CHAPTER 73 – Revelations
bySummer crept slowly into the Eastern Vale, announced by changing flowers and the dryness that came with the heat. What mild rains fell were refreshing to the grasses as they turned from verdant to golden green, and the trees flourished and grew splendid in their leafy gowns. So too the elves transitioned from pallid to sun-kissed, though Saphienne was among the last to turn blonde, too close to the solstice festival for her to experiment on her mismatched strands with dyes.
She didn’t have time to dwell on her misfortune. Although the fittings Taerelle demanded were completed ahead of schedule, the clothes she had promised to her friends took longer, especially when Laewyn reset her progress by gifting her beautiful bolts of silk.
Yet Iolas was not oblivious to how hard she was working, and he offered to help with the embroidery. This ended up drawing the attention of his mother, Mathileyn, who was dissatisfied with his work to the point that she insisted on lending a hand, which led to her revising the patterns and then embroidering them herself.
When Faylar teased that he must have intended this, Iolas flicked two fingers at him.
Nor was she the sole adult to assist. Jorildyn found Saphienne asleep at the table in his workshop one morning, and when she later awoke the tailor was halfway done with sewing the seams she had been struggling to align. He refused any offer of compensation, asking only that Saphienne learn one last lesson from him: to always under-promise on what she believed she could achieve.
“If you find yourself in difficulty, you will have room to breathe; if you perform exactly as you anticipated, everyone will be impressed by your ease.”
Saphienne would forever remember that advice — though would struggle to follow it.

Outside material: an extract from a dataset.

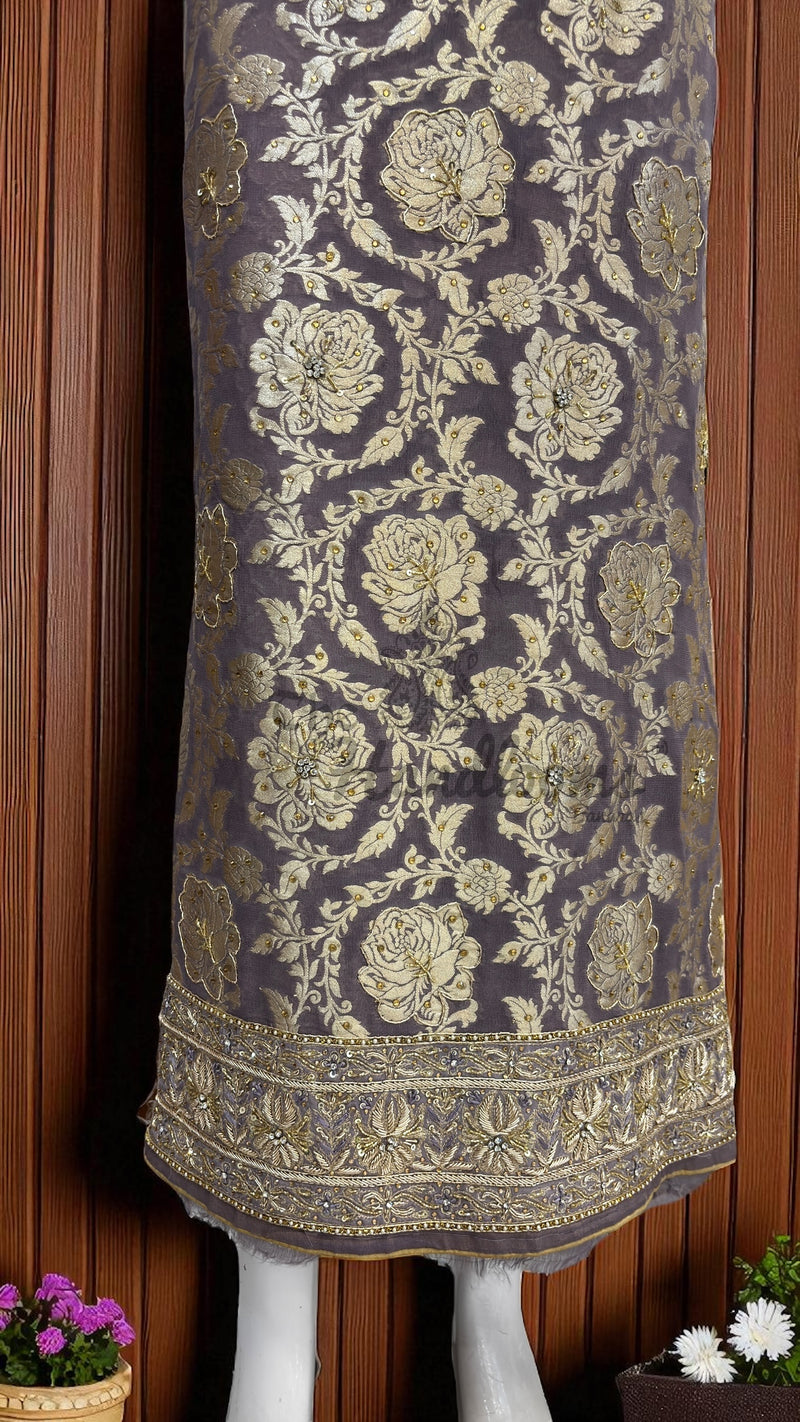 Pure Khaddi Georgette Handloom Banarasi Dress Material With Katdana,Zardozi,Stone,Diamond,Dapka - The Handlooms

Together with Iolas and their friends she celebrated his birthday with much revelry, and then during the week before the solstice Nelathiel guided him through his ceremony at the shrine to Our Lord of the Endless Hunt. When the singing was done Saphienne waited for him; he emerged from the cave completely sober and thoughtful, obliged to admit he had more in common with the priest than he’d expected.
* * *
Night and day, whenever Saphienne wasn’t busy crafting, her mind was on the scroll she had been given by her master.
Almon spent every session before the festival teaching the notation in which elven spells were written. Some parts were easy to follow, explaining pronunciations and gestures and conveying their precise timings. What was harder were the other elements, more representation than instruction, depicting mental and emotional states that served as proxies for the knowledge and comprehension on which spellcasting depended.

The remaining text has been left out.